In the celebration afterwards, Archie knelt down on a knee and proposed to Anne. She immediately accepted, and they embraced, the crowd melting away until there was noone left in the world but his dear sweet Anne. It was a moment like Archie had never felt, and his love swept all thoughts of contracts aside. "I've made it already, he thought to himself. Nothing could change my path now. Every NFL team wants me...the contract is mine with whoever I want. " He gave Anne a knowing wink, and they rushed upstairs to celebrate the win, their engagement and spend the night making sweet, passionate love to each other.


----------



## dave the dead (Jan 31, 2007)

Archie had never been with a girl before, and insisted on undressing under the covers. Although he was definitely ready to be with Anne, he was a little self conscious. After they had been satisfied (several times) Archie and Anne lay together, flesh to flesh, and talked of their future until they both fell asleep. He had never been in the same bed with another person, and enjoyed the comfort and warmth of Anne's body, pulling her close and wrapping his arm over her shoulder. As Archie drifted off, he thought of his life and his good fortune , and of the golden foot that had made it all possible. He briefly thought of his father's warning "don't you mess around with that girl until you sign the contract. Don't change a thing, Archie. " But what harm could it be? The contract was as good as his. His dreams became fitful that night. He dreamed of the first time he kicked a ball over his roof. He dreamed of the old codgers and their stogies and beer, swearing they saw sparks as he kicked the football down Green Street. He dreamed of Redwings and their steel toes. He dreamed of kicking, and of tattered mattresses and shredded sheets. He dreamed of his golden foot and being set for life. Archie had taken his father's advice as gospel, and ever since he wore out the toes in his first pair of shoes, Archie had refused to cut his toenails. "Don't you change a thing." He could hear his father's voice plain as day. He kicked out in his sleep , pumelling the invisible football that was actually the back of Anne's leg. He believed his foot would turn to gold, because his father had said it would be so. Archie had no idea that it was unnatural to have thick, long, yellowish- brown claws at the end of his toes. "Archie, that foot will turn to gold," His father had said. Archie kicked, the crowds screamed, and the dream football sailed through the goalposts . Anne writhed in pain. His parents had bought him his beloved Redwings, and the steel plate acted as a whetstone to the thick blade inside, honing his nails to a razor edge. Archie kicked the winning fieldgoal, as Anne lay bleeding to death beside him. 

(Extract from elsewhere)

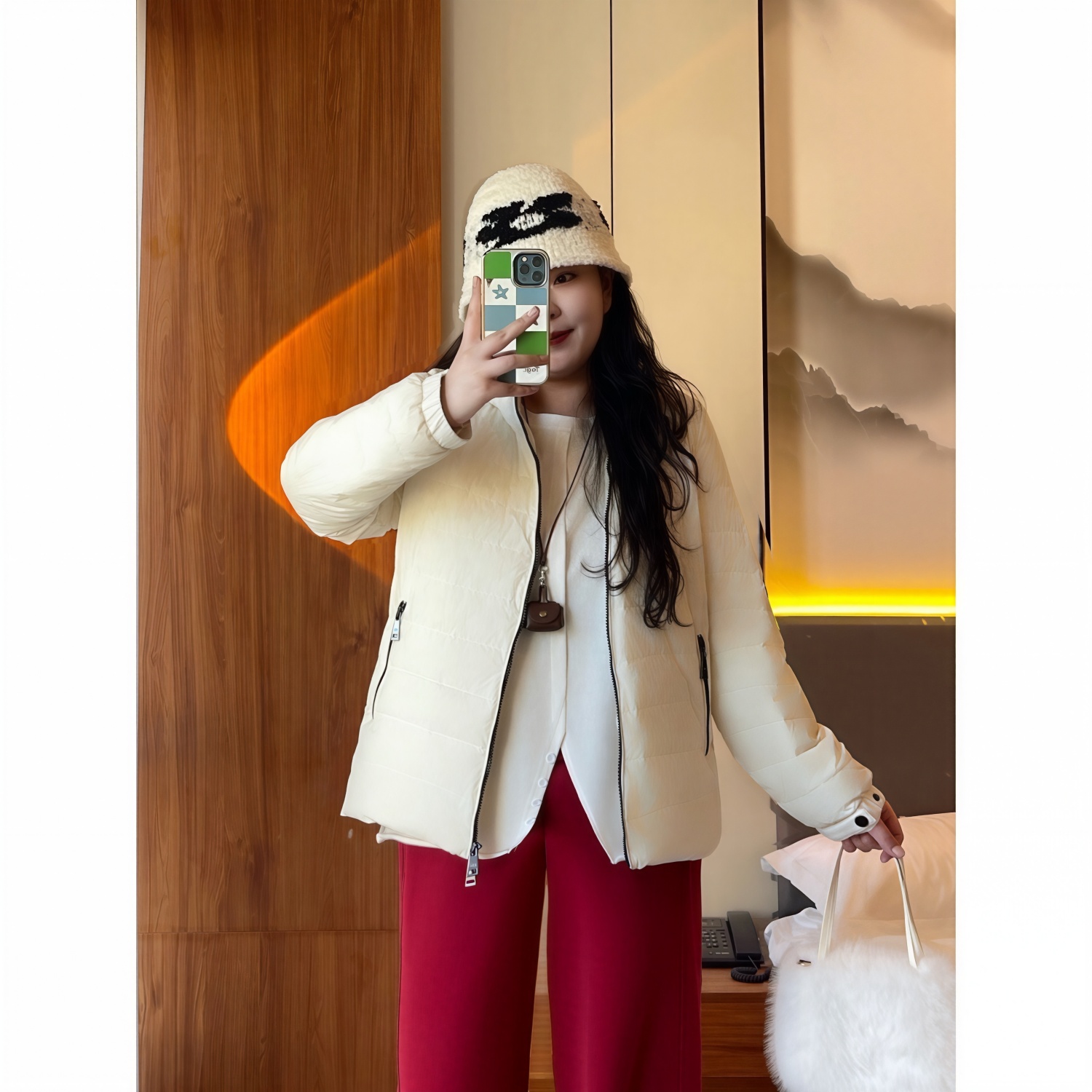 梵朵大码女装16114冬季法式时髦高级感连帽保暖羽绒服百搭外套潮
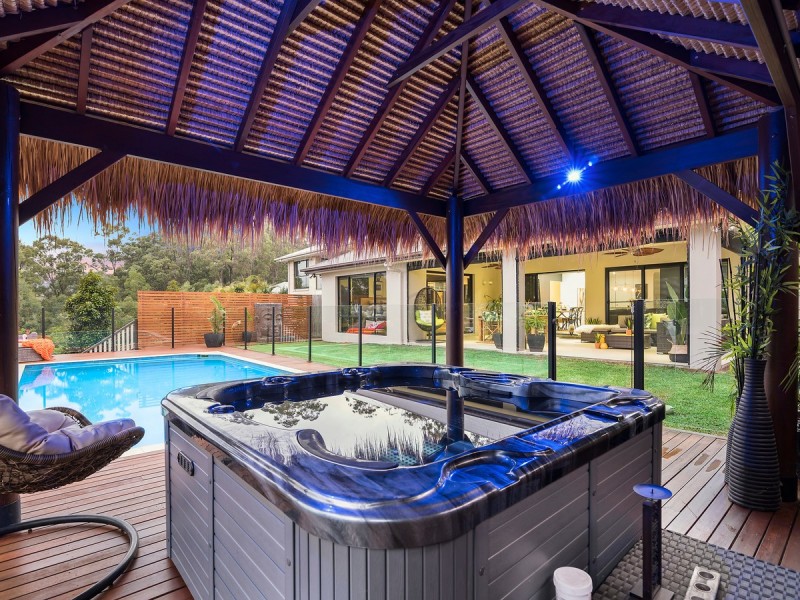 50 Fletcher Crescent, Pacific Pines QLD 4211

The next morning he woke late. Anne was still beside him, and as he rolled to kiss her on the shoulder, he immediately knew something was wrong. Her skin was cold and lifeless. Archie sat bolt upright in the bed, and a pool of red caught his eye. Where her calves had once been was now reduced to lacerations and cold lifeless meat. Archie looked to his own feet and saw no gold. "Oh God, what have I done?" he thought to himself. He swabbed off the congealed red of Anne's lower legs to reveal his toenails. As the police carted him away later that morning, Archie stared ahead in disbelief at what had happened, catatonic from the shock. As the cell door closed, Archie heard in his head the hollow thump of a well kicked ball and the echo of his father's voice. "Archie, that foot is turning to gold. Don't you change a thing and you'll be set for life."


----------



## Tyler (Jul 17, 2008)

Wow, and he's an author too!?!? Wow Dave, you can write, very interesting story, I did get a "kick out of it", haha


----------



## slightlymad (May 25, 2006)

Nice work


----------



## scareme (Aug 29, 2006)

You just have to wonder about what goes on in that mind of yours Dave. Great story, kept you wondering.


----------